Segment Start: Records supplied

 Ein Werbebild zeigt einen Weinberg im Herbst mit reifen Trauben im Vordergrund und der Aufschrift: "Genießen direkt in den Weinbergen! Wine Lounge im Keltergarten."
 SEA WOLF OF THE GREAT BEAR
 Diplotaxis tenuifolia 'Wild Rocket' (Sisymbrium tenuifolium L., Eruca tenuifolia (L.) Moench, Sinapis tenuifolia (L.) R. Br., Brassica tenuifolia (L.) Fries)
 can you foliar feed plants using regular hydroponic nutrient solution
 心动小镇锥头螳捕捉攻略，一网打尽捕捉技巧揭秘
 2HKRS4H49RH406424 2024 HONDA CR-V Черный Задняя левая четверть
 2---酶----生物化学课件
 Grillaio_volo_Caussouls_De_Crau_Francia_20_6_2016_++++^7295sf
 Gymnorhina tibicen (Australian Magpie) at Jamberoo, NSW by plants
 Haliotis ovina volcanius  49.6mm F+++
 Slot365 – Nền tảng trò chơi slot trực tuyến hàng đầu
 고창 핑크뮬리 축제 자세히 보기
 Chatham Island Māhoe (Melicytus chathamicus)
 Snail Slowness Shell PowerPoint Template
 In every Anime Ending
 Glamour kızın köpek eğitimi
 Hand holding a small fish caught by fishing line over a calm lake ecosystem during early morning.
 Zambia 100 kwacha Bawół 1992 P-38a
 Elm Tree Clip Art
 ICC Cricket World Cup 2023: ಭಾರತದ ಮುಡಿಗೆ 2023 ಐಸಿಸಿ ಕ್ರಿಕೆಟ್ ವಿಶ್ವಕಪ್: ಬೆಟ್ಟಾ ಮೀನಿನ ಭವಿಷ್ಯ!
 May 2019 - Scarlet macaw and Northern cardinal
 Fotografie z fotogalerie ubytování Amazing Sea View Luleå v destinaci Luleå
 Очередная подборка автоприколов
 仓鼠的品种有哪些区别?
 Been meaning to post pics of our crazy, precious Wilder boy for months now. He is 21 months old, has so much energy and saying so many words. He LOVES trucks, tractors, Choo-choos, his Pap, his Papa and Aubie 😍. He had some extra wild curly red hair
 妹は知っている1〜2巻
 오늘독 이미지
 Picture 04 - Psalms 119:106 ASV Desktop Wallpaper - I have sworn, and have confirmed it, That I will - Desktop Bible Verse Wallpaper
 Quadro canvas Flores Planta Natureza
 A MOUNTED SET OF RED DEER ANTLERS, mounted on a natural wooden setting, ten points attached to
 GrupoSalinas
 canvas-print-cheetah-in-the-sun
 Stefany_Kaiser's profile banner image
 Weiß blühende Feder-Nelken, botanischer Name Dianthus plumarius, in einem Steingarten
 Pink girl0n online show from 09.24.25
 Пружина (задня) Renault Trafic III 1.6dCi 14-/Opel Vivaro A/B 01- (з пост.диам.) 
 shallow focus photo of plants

Segment End: Records supplied

What is required:
Set down, exactly and in full, the lines from the one containing "Quadro canvas Flores Planta Natureza" through the end of the entries; no other line belongs.

Solution to the problem:
 Quadro canvas Flores Planta Natureza
 A MOUNTED SET OF RED DEER ANTLERS, mounted on a natural wooden setting, ten points attached to
 GrupoSalinas
 canvas-print-cheetah-in-the-sun
 Stefany_Kaiser's profile banner image
 Weiß blühende Feder-Nelken, botanischer Name Dianthus plumarius, in einem Steingarten
 Pink girl0n online show from 09.24.25
 Пружина (задня) Renault Trafic III 1.6dCi 14-/Opel Vivaro A/B 01- (з пост.диам.) 
 shallow focus photo of plants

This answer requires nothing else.